14th May 2014
Whoop! Whoop! The sailing plan for the summer has begun! After a mad day yesterday of provisioning, loading, fuelling, watering, Whinchat was good to go. I had the sense that she was straining at her warps to be set free. A winter on a car park in Falmouth, and last summer as a floating holiday cottage seems an indignity for such a creature of the sea.
This morning, Simon was on the harbour wall, smoking a fag, when we arrived, theoretically early. Pete had the pre-trip nerves he always gets, and I had an echo of them too. The difference between he and me, is that he is excited by them, whereas they somewhat scare the bejesus out of me. I knew he would be fine as soon as he was on board, and he was. Both Simon and Pete were like sprinters in their blocks. Simon was keen to put some distance between him and his emails, and Pete just needed to feel the first strides to ease into his own race.
It was the oddest feeling seeing them leave. My beautiful boat, the complete love of my life, setting off into the unknown. At the risk of cliche, there was a veritable cocktail of emotions. Such sadness to see them go, coupled with that, a fleeting moment of envy. Perhaps I could do it? Pride that Pete is setting about to achieve one of his ambitions. All tinged with an overriding edge of worry. What happens if….

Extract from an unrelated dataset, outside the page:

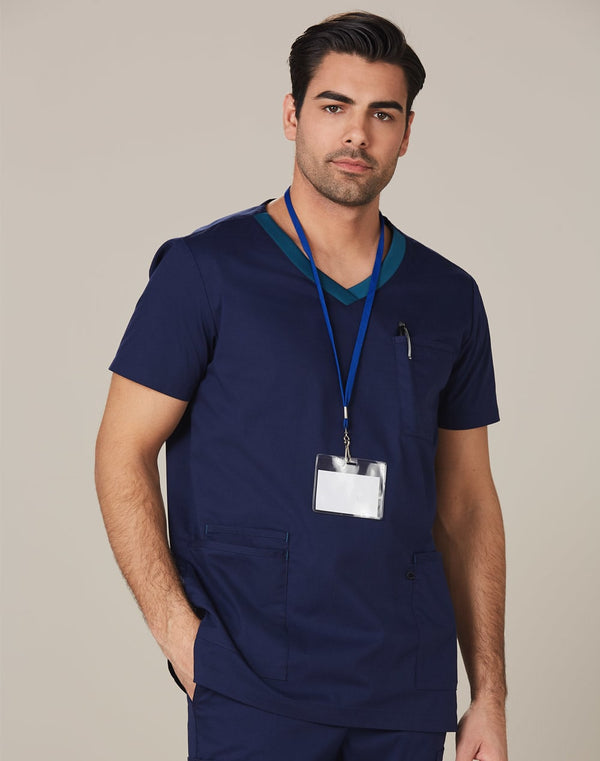 Mens V Neck Contrast Trim Scrub Top [53-M7650]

I stood on the quay and watched Whinchat glide out through the lines of mooring buoys that I know so well. A sentry of boats saluting her as she eased past, Simon busy doing the crew-related jobs that I do. The lines tied up, stowed in the warps’ locker, the ‘gate’ secured, signalling the time for passage, the fenders untied and stowed in the monster lazarette. Here was someone in my space. And yet, I didn’t want to be there, but there is a ghost of me onboard in every action.

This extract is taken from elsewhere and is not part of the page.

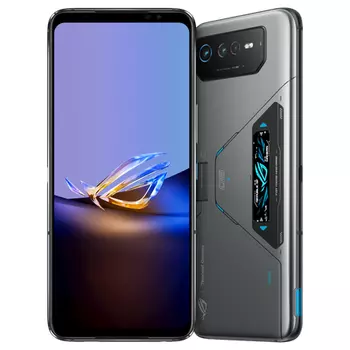 Смартфон ASUS ROG 6D Ultimate, 6.78" 1080x2448 OLED, MediaTek Dimensity 9000+, 16Gb RAM, 512Gb, 3G/4G/5G, NFC, Wi-Fi, BT, 3xCam, 2-Sim, 6000 мАч, USB Type-C, Android 13, серый (90AI00D1-M00080)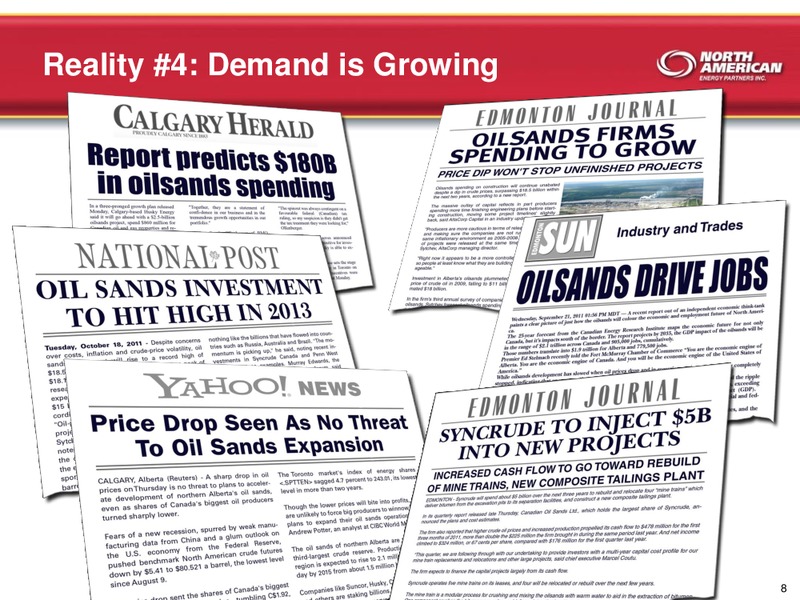 NOVEMBER 2011 INVESTOR PRESENTATION – North American Energy Partners Inc. – slide 8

Ah, but let’s not get too romantic here, because when it comes to the cruising chute, we are acquainted, but not really friends. Flip back a day or two, when the boys were supposed to cast off, and it was blowing an almighty hoolie. Simon, probably (the racing demon), had jested that they’d have the cruising chute up by Black Rock (an isolated danger, sitting proud in the Carrick Roads). No way, I’d thought, and laughed it off.
As I watched them haul the mainsail outside the field of moorings, it occurred to me that I could go around to the Point and watch them cross the Bay. I drove through the morning traffic to the ‘scenic’ route that takes you behind the Docks. I’d expected to be able to stop and watch them waft by, but there was no sign of them. Really? In about 15 minutes. I pressed on to the Point. I’d had enough time to drive and to send a message into Chris Evans’ Breakfast Show’s Breaking News (and for it to be aired) before I caught sight of them, the full glory of the kite flying, way before Black Rock. The Mini rocked with my laughter – they’d done it! Brilliant. She looked amazing, and there was no one else to see it. No one to share it with, point her out, glinting in the sparkly sea. I watched them coast past, wondering if they could see me.

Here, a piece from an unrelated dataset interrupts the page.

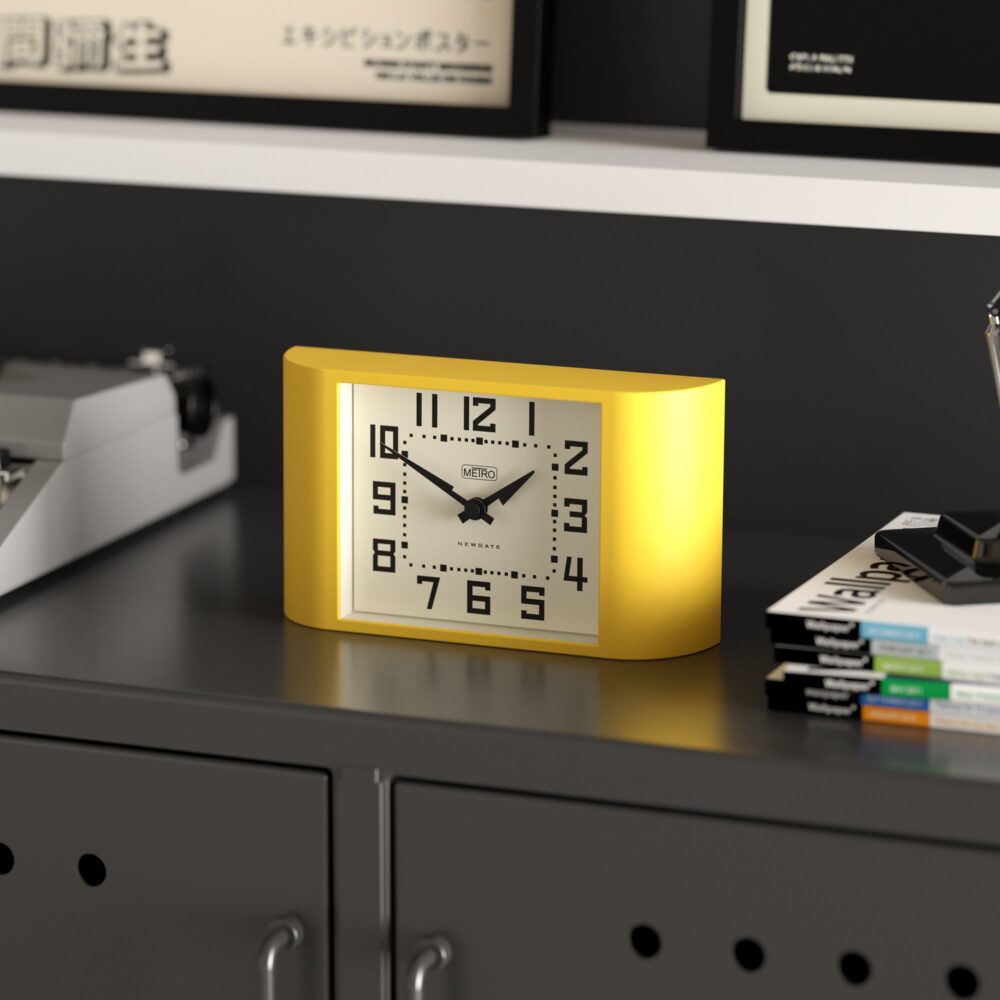Newgate Mini Metro mantel clock in yellow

It was hard to tear myself away, but she was sailing well and she’d soon disappeared to a, granted, colourful smidge of herself. It was time to get on with my day… which has involved obsessive reloading of MarineTraffic. I’ve charted the variations in speed, and guessed at the variations in mood. Quick = satisfying. Slow = frustrating. Whinchat seems to be out of range now.
Here, the day is fading, although with the sun/moon cycles they won’t have any real darkness, but I wonder if they’ve eaten the chicken dish I made, or whether it has been a day of crisps and chocolate. Have they seen dolphins? How are they? The watch system will have kicked in now, and from the stability of my dining room table, and a freshly made bed upstairs, I’m OK being here.